Another important thing to note here is that for each of the attribute you'll have to specify a show and store method. Most of the time you'll have some common code to be executed so there are two ways in which you can do this,
- Provide a common routine and check which attribute is passed in by comparing the pointer to your statically defined kobj_attribute
- Provide wrappers over the kobj_attribute and then do container_of to get the containing attribute structure and go forward that way. This requires a bit more work and you may not even want this.
We've used an available wrapper function sysfs_create_files, the first argument of this function is the kobject under which we will create these attributes while the second is an array of pointers, see how we've specified NULL at the end of this array. This is mandatory since this function will iterate over the array unless it finds a NULL entry because there's no length field supplied.
Copying Data to/from user space
The store method implies that
- You are copying data from user land to kernel
- You will return how much data you've copied. Usually just return same amount as passed in but copy whatever amount you really want.
- You are copying data from kernel to user land
- You'll return how much data you are copying into the buffer.
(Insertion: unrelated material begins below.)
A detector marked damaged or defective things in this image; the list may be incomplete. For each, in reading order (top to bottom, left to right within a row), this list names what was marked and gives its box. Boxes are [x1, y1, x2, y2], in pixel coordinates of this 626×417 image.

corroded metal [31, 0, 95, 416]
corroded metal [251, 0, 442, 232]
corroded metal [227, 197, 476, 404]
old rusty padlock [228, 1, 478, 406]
The internal buffer is just an array. It holds the value as an unsigned long for each of the attributes.
Cleaning up,
You'll need to remove the files you created the same way you've added the files. Just be sure you do it reverse that is first remove the files then remove the parent kobject. To remove the root_kobj all you need to do is call kobject_put. This decrements the count of kobject and when the count goes to 0, it cleans up this kobject. This is why it's required that you remove the files first and then remove the parent kobject.
Excercises
- Modify the above module so that the first byte of each attribute's storage area represents 8 bit flags. That is the data can be stored in only 3 of the 4 bytes on a 32 bit computer and 7 of the 8 bytes on 64 bit computer.
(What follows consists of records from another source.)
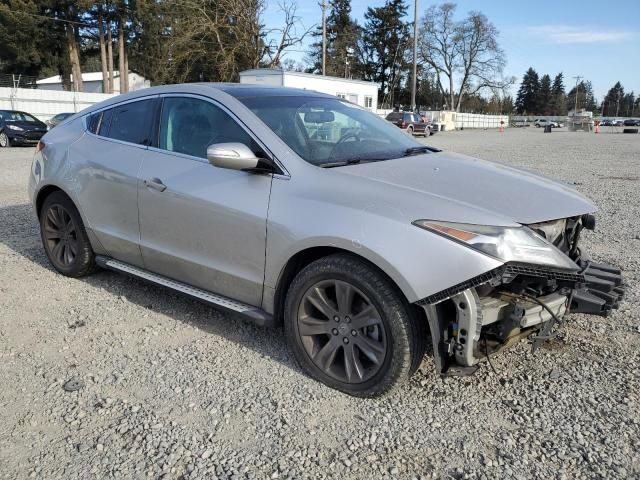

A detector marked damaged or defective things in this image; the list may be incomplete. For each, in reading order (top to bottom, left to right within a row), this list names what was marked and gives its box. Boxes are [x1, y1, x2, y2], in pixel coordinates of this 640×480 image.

crumpled hood [340, 150, 596, 225]
broken headlight [412, 220, 576, 270]
damaged front end of car [412, 216, 624, 376]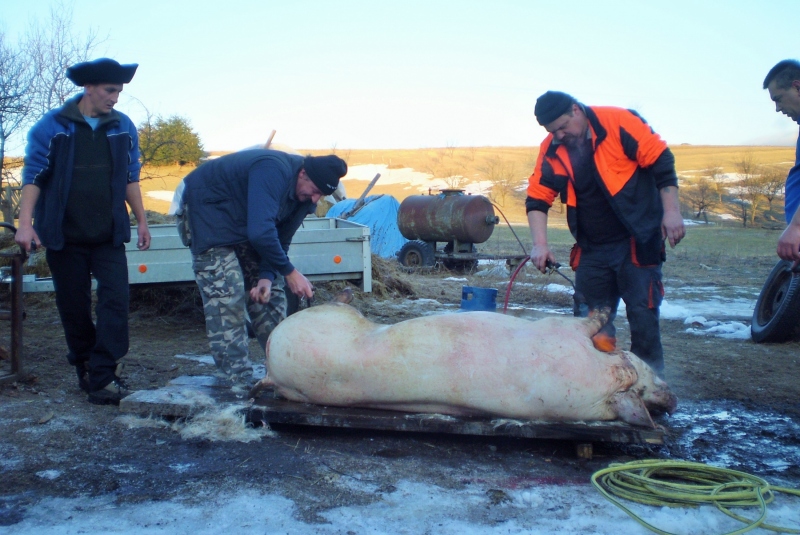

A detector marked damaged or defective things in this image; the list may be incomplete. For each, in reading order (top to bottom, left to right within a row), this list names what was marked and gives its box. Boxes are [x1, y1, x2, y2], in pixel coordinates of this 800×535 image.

rusty barrel [398, 191, 496, 245]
- Write test programs, a producer and consumer that will write/read data respectively. Use the flag byte for any synchronization you may need. If the buffer is already full and producer hasn't consumed then you should check the flag byte if the data can be over written or not. This will be set/unset randomly by your producer on each write. If data can't be over written then you should return an error code or just 0 to convey nothing was written.
- Try implementing a wrapper over attributes and see how you can use container_of to accomplish the same. Think about what you'll need in your wrapper structure.
We'll again visit Sysfs later on for sure when we dive into device drivers.